En sus “Elegías de Duino”, Rainer Maria Rilke dejó escrito que “No nos sentimos seguros en el mundo interpretado”. Esa incertidumbre con el ámbito de lo habitable ha sido -sigue siendo- materia temática para buena parte de la filosofía del siglo pasado y actual. Porque dentro de la trama que nos remite a la existencia, nuestro universo desvela la ambivalencia entre la lógica y la voluntad; o lo que es lo mismo, los límites que trazan lo humano y los anhelos que dominan al ser.
Sabido es que el poeta, en su afán de trascender, asume un viaje interior desde el que establece los lazos con el acontecer propio y común. Y, al parde ese viaje, que no es sino íntima mudanza, acota los territorios y los protagonistas que alentarán la vinculación con su cotidiano vitalismo.
La lectura de “Escala” (Sonámbulos. Granada, 2023), de Ernesto Pérez Zúñiga, me ha llevado hasta el bordón de esa senda unívoca, entrañada, por la que el autor madrileño (1971) ha ido dibujando en sus últimas tres décadas una forma de hacer poesía donde conviven el aprender a vivir en la duda y el consentir la fe de la certidumbre.
Esta antología (1991 – 2023) reúne sus siete poemarios editados hasta la fecha: “El vigilante” (1991), “Los cuartos menguantes” (1997), “Ella cena de día” (2000), “Calles para un pez luna” (2002), “Cuadernos del hábito oscuro” (2007), “Siete caminos para Beatriz” (20014), además de una coda, “Cartas escondidas”, un libro en progreso, del que se espigan algunos inéditos.
En su prefacio, el propio autoranota:” Escala porque cada libro es un hito del viaje. De los primeros, apenas queda un relámpago. Ni siquiera una tormenta. Aunque aquella lluvia alimentase raíces desconocidas por entonces. Escala porque esta antología encuadra, a determinado tamaño, una parte de lo que se escribió. Y de esa parte, otra de lo que se publicó (…) Y “secreta escala” también, en palabras de San Juan de la Cruz. Cada libro un peldaño de conciencia. Cada poema un ascendido descendido”.
He seguido muy de cerca las líricas veredas de Ernesto Pérez Zúñiga y retornar a su decir pretérito y presente me confirma que su voz es una suerte de remolino semántico, en donde la vanguardia y la alquimia de los vocablos concisos se funden en un mismo azogue de extrañamiento estético. Un aire cautivador que se impregna de lo posible y lo imposible, y se sumerge en un abismo sugeridor, inquietante, infinito en su propia condición humanizante: “Sé que pretendo edificar mi torre con la arena/ que resbala de tus pasos cuando cruzas las dunas/ Sé que pretendo salpicar mi cara con las gotas/ que desprende tu cuerpo cuando sales del mar (…) Y sé que pretendo silbar/ la canción que tu aliento/ va ritmando/ en la partitura del mundo”.

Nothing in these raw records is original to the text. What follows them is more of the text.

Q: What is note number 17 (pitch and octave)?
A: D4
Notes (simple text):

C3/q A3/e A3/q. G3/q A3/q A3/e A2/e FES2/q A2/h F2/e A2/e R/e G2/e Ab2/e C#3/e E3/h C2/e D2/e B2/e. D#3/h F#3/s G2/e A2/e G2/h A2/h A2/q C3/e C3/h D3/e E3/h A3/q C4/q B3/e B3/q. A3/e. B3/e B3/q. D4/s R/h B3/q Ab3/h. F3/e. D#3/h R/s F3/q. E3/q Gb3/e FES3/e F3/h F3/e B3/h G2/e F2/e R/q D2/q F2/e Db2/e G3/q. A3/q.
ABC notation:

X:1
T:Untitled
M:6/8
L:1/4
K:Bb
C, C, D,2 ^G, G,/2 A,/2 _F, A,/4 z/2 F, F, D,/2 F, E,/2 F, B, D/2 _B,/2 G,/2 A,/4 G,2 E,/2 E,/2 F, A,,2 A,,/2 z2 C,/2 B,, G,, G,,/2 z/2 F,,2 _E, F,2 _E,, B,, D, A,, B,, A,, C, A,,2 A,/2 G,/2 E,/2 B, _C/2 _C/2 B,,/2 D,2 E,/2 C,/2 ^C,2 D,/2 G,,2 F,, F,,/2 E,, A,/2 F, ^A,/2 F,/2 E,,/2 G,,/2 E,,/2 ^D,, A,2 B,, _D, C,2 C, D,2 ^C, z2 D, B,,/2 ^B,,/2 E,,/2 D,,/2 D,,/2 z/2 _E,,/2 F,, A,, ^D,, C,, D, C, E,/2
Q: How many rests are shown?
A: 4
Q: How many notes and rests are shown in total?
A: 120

En suma, el lector tiene ante sí, una
summa variada
, abierta, desnuda, por donde sobrevuelan ángeles y demonios, suaves cielos, oscuras tierras, viejos placeres, renovados duelos, y donde los versos se tornan el lúcido atlas de una realidad mítica, mística y mirífica: “Pero soy el pez que nada en su semilla/ El árbol que germina en el silencio”.